Captioned web image data:
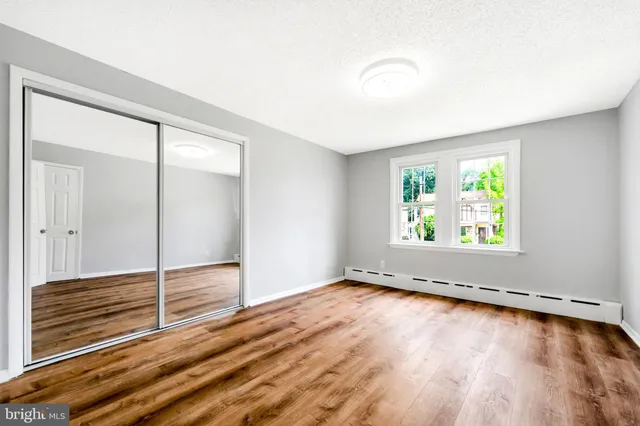 an empty room with wooden floor and window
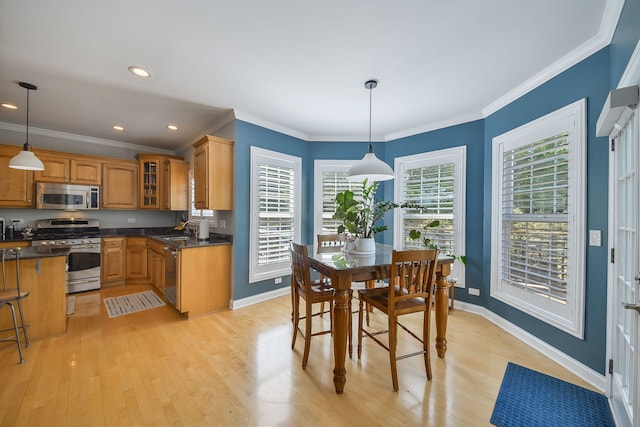 624 Pottawatomie Trl, Batavia, IL 60510 - kitchen featuring stainless steel appliances, dark countertops, brown cabinetry, light wood-type flooring, and glass insert cabinets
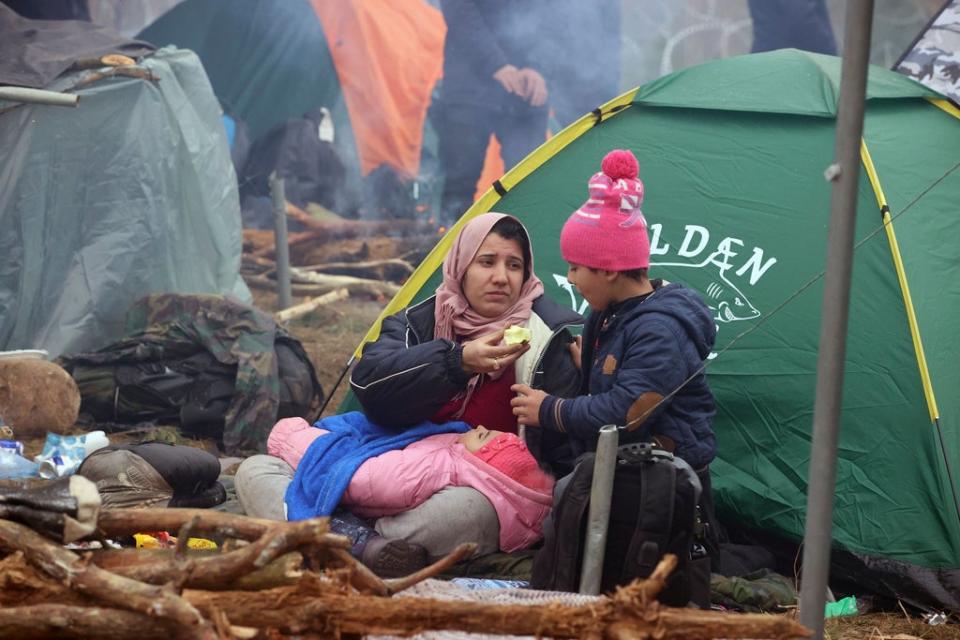 A woman and her child rest as other migrants from the Middle East and elsewhere gather at the border (AP)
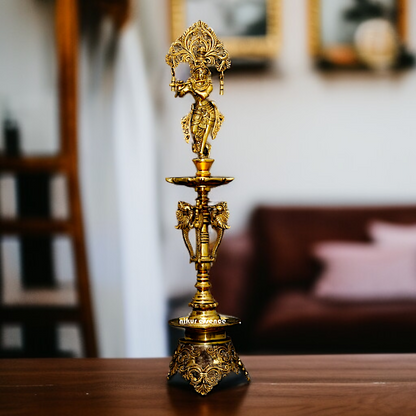 Solid Brass Krishna diya lamp stand with Bell - 27.5 Inches Nikuressence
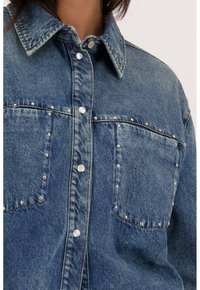 Blauwe denim overhemd met twee voorkeuringen, zilveren studs langs de rand van de zakken en parel-knopen. De stof heeft een gestructureerde afwerking.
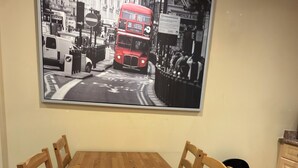 Een eethoek met een houten tafel en stoelen, een zwarte prullenbak en een grote zwart-wit foto aan de muur.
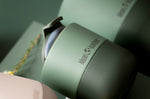 Close up of a dark green Klean Kanteen insulated lowball cup on a green background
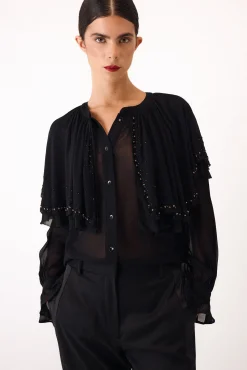 Blusa capa bordada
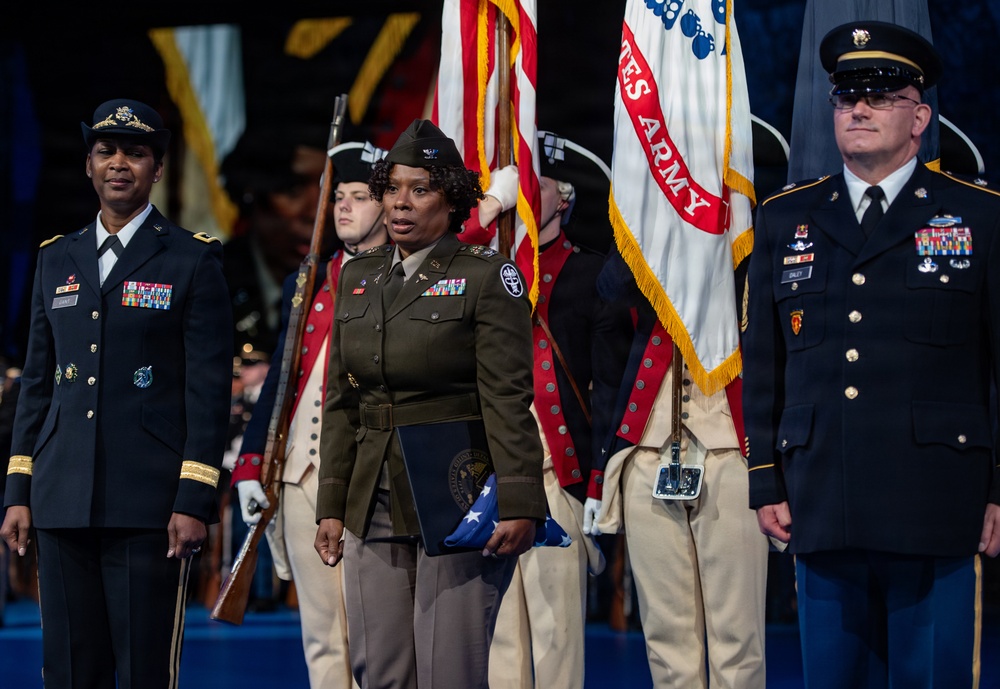 A formal U.S. Army military ceremony featuring uniformed personnel standing at attention on a stage or auditorium floor. A central figure in an olive drab Army Service Uniform holds a folded American flag and a blue folder, flanked by officers in dress blues and Army greens. Behind them, a color guard in historical Revolutionary War-era uniforms carries the U.S. flag and a United States Army flag.
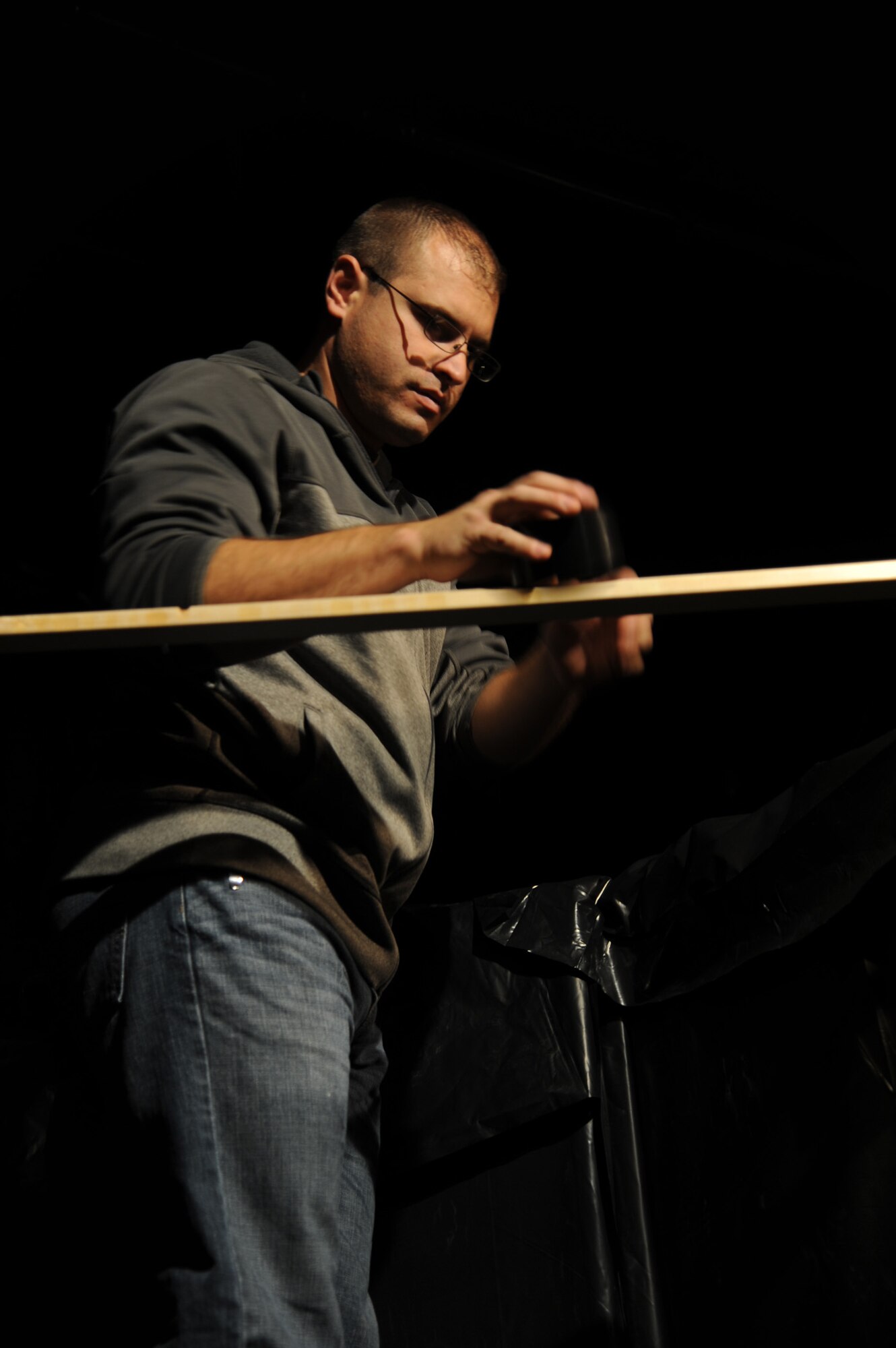 Staff Sgt. Jon Sestito, 341st Missile Maintenance Squadron data analyst, rips black tape to cover exposed wires during the set up and rehearsal of the Montana Actor’s Theater haunted house in Great Falls, Mont.  Several volunteers gathered at the MAT Oct. 12 to set up in preparation for the haunted house’s opening Oct. 17.  (U.S. Air Force photo/Senior Airman Cortney Paxton)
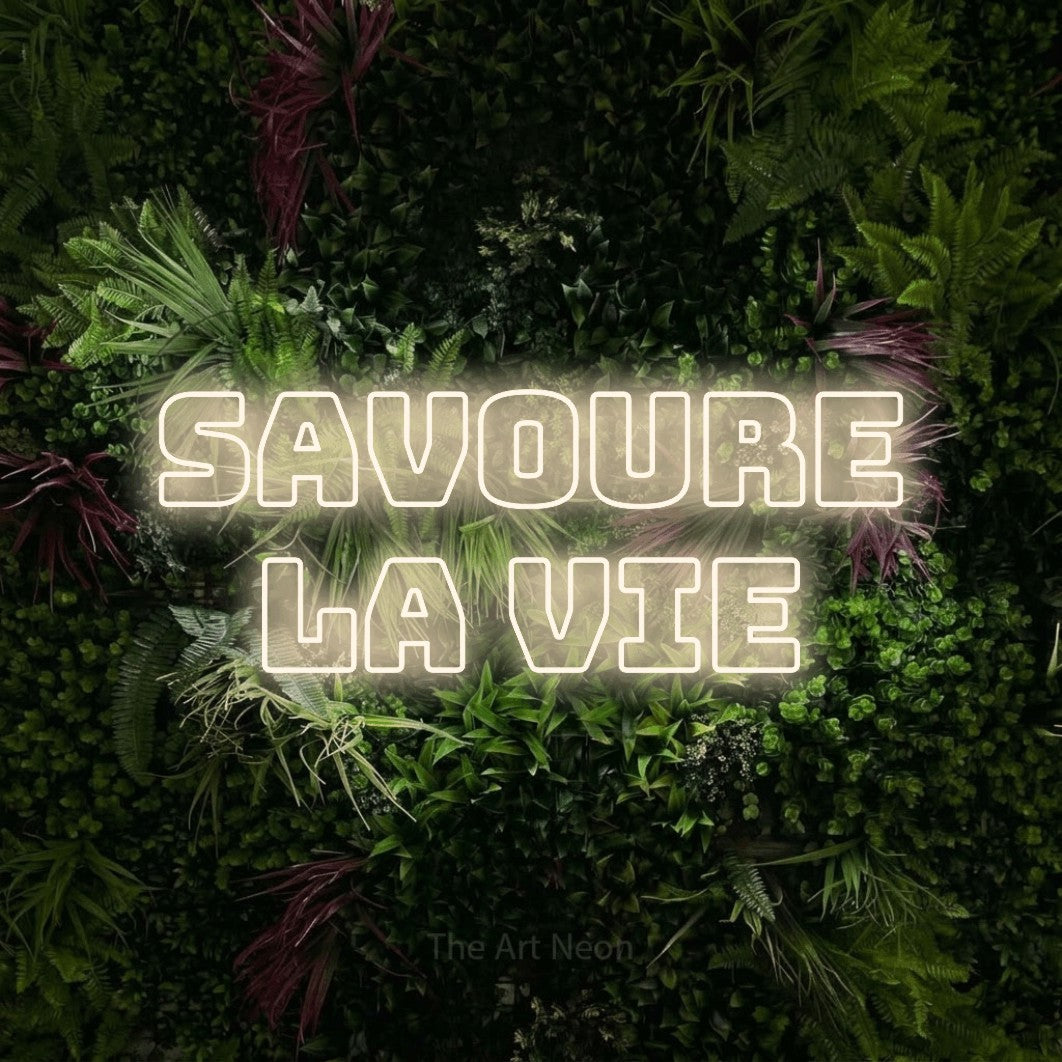 LED neon sign reading “SAVOURE LA VIE”, arranged in 2 lines.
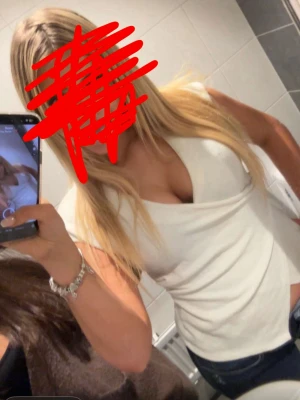 Vit omlottopp med v-ringning - Säljer en snygg vit omlottopp med v-ringning och korta ärmar. Toppen har en markerad omlott-detalj med dekorativ knapp i sidan och är figurnära i modellen. Perfekt att styla med jeans eller kjol för en trendig look.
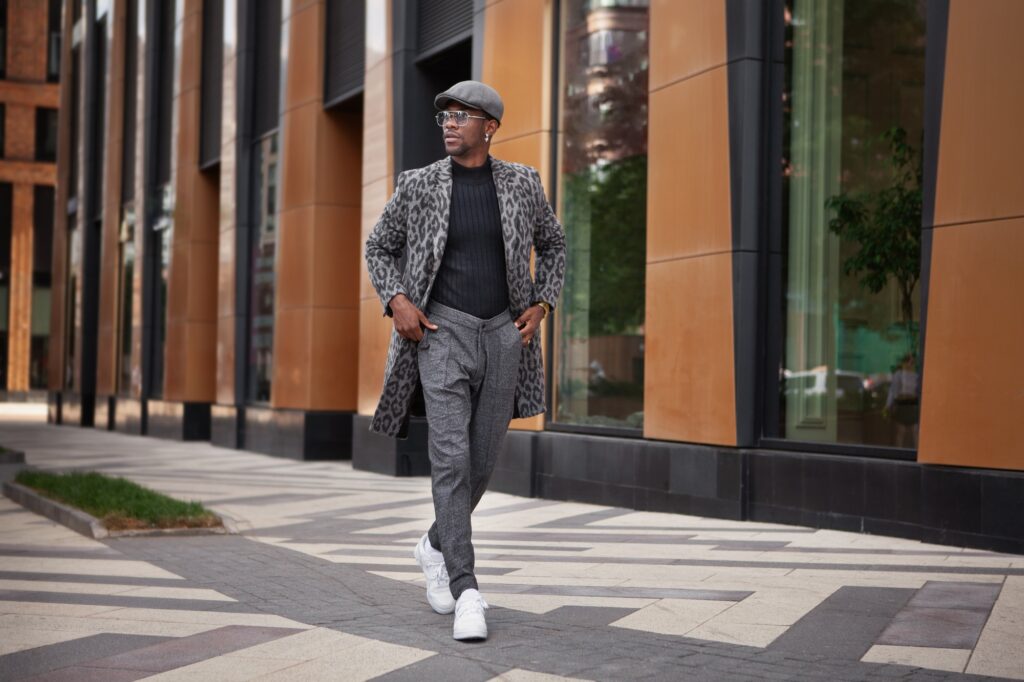 Fashion Man Wearing Fashionable Clothes gray coat animal print, turtleneck, cap, trousers and white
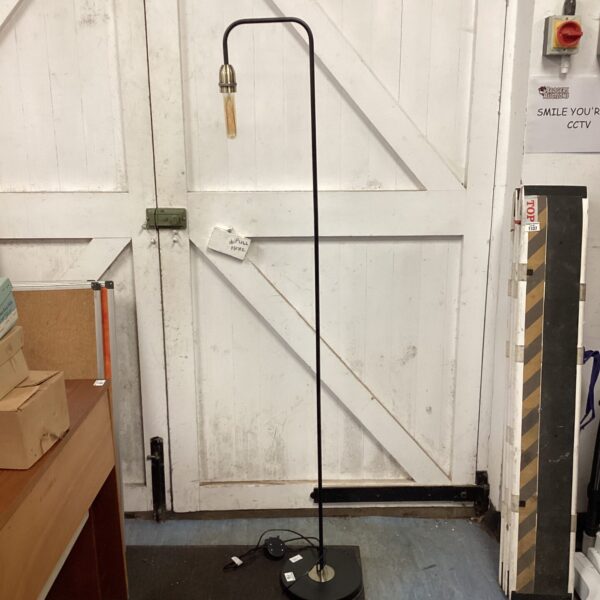 Black adjustable standard lamp with a circular base.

§ **WHAT TO DO**: For this answer, return word for word the lines from the first line of the records through the line containing "A woman and". Omit the pictures.

§ **PROBLEM SOLUTION**:
 an empty room with wooden floor and window
 624 Pottawatomie Trl, Batavia, IL 60510 - kitchen featuring stainless steel appliances, dark countertops, brown cabinetry, light wood-type flooring, and glass insert cabinets
 A woman and her child rest as other migrants from the Middle East and elsewhere gather at the border (AP)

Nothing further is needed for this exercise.